## Problem description:
Copy the lines below verbatim. Begin with the first and end with the line containing "ERTL John Deere model models tractor".

## Records to use:

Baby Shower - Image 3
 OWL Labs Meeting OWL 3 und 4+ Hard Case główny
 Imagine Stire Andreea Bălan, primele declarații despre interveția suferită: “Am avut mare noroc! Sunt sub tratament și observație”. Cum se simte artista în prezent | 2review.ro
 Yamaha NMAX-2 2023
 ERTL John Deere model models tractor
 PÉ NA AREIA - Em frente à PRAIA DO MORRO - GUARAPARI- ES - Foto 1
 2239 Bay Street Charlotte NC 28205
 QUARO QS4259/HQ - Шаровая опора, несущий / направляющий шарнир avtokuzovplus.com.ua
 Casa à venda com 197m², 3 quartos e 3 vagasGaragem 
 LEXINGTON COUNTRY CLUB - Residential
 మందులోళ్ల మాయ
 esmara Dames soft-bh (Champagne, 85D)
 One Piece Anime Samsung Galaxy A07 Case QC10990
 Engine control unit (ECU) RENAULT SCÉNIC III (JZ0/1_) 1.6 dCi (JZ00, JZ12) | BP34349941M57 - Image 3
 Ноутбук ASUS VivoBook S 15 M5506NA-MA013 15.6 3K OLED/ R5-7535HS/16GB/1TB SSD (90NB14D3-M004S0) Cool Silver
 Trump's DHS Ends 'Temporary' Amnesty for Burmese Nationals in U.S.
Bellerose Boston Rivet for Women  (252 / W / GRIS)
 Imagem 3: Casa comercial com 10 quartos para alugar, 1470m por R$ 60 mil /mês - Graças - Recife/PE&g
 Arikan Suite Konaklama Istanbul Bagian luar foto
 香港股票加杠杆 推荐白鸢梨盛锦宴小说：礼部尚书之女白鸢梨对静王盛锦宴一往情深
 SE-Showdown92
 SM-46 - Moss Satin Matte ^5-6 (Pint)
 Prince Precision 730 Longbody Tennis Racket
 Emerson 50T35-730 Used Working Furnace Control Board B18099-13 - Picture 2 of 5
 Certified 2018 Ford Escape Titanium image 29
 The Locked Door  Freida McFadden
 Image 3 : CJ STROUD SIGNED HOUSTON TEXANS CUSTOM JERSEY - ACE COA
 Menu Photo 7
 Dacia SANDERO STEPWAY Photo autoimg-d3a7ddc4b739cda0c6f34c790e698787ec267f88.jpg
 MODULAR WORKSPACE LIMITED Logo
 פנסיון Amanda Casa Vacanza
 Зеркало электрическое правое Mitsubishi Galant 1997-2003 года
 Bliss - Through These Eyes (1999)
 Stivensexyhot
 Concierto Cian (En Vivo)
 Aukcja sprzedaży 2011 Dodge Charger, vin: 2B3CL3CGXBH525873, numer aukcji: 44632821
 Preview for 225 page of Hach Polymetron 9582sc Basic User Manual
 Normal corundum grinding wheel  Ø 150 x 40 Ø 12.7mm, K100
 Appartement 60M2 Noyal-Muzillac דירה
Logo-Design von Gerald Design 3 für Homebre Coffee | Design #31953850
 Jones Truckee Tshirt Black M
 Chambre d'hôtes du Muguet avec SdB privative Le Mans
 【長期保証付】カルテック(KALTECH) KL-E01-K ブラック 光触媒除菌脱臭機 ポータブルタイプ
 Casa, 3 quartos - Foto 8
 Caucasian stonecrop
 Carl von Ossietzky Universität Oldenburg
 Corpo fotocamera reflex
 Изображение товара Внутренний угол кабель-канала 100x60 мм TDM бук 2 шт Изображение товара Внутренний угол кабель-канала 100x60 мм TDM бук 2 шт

## Result of this task:
Baby Shower - Image 3
 OWL Labs Meeting OWL 3 und 4+ Hard Case główny
 Imagine Stire Andreea Bălan, primele declarații despre interveția suferită: “Am avut mare noroc! Sunt sub tratament și observație”. Cum se simte artista în prezent | 2review.ro
 Yamaha NMAX-2 2023
 ERTL John Deere model models tractor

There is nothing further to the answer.